What Constitutional Laws on immigration would you like to see enforced?


The laws involved where we defend our borders from invasion. The part of the Constitution that defines citizenship (though it made sense at the time, the one thing that's GOT to change is the section that permits so-called "birthright" citizenship). The laws that define the process one must complete before citizenship is granted (though I'd add one more, and that's competency in the English language). And a restoration of those laws that formerly required immigrants to either be able to support themselves or have an American sponsor who would, and NOT be eligible welfare and the like. You know, the common sense ones? The ones that preserve sovereignty and add security? Yes, those.

The Big Dog's back

Be specific about the Constitution. Paragraph, line, section.


Love how you and Deertracker have adopted the words "enough said". I guess that gives you two the last word. What a pair.

The Big Dog's back

What would you like to add?

Steve P

clustfan, they are illegal, enough said.. If you want true immigration reform, increase the numbers for people who follow the LEGAL process. Who has blocked the most legislation on numerous issues, dirty Harry Reid, to protect dems facing the voters this year in the senate.


My mother was a legal immigrant from Europe. I remember her struggling to learn the English language by going to night classes and trying to read the local newspaper. After years, her turn to become a citizen came. As a little boy, I was at the ceremony. She kept the little flag they gave her on her dresser for many years.

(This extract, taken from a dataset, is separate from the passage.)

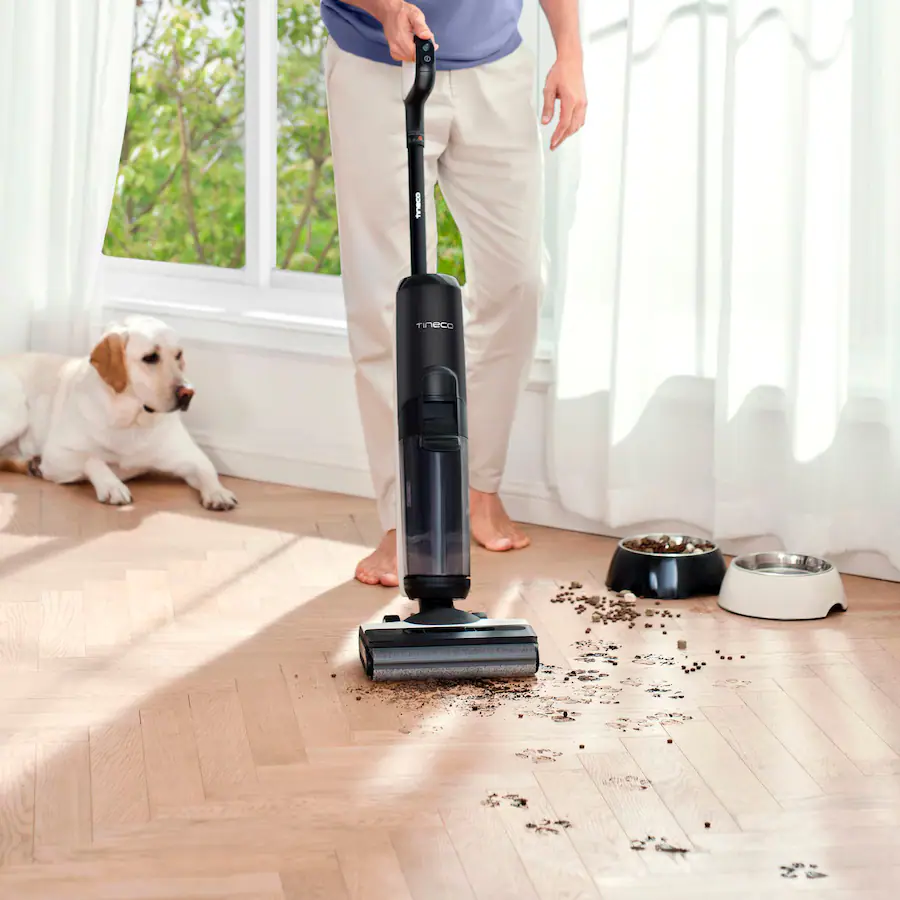 Tineco Floor Washer Flashdry Cordless Mop Vacuum Cleaner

THAT'S how it used to work. .... before Ted Kennedy's "Family Reunification Act of 1965" became law.

America is going broke paying for "anchor babies", most of which will never work or pay taxes.

The Hero Zone's picture
The Hero Zone

Ah you are talking about chain migration?


The Big Dog's back

No, he's talking about the Immigration and Nationality Act of 1965. He also hates the Civil rights Act.

Steve P

Civil Rights Act, only passed when Congressional Republican Leadership broke a democrapper filibuster, The Immigration Law of 1965 had wide bi-partisan support.

The Big Dog's back

So what?

2cents's picture

I have friends that came here within the last thirty years, they followed all the rules, filled out all the papers before ever leaving their location, they did their five years residence and all have jobs, some own their own companies. There is a big difference between immigrants who come here following the rules and those who climb over fences, have on identification, are subject to enslavement and become a burden on US taxpayers. I say send the illegals back and they too can wait in line, fill out all the paperwork and be here legally just like most of your ancestors did.

Dr. Information

We have laws already. Why not enact them. Why throw more laws that will not be enforced like the current ones?

This is nothing more than Obama wanting a free pass for everyone.

Mr. D

Kind of like gun laws; they are in place and on the books, but are not enforced. Yet Obama wants more gun laws. Immigration laws, like gun laws are there, they just need to be enforced!!!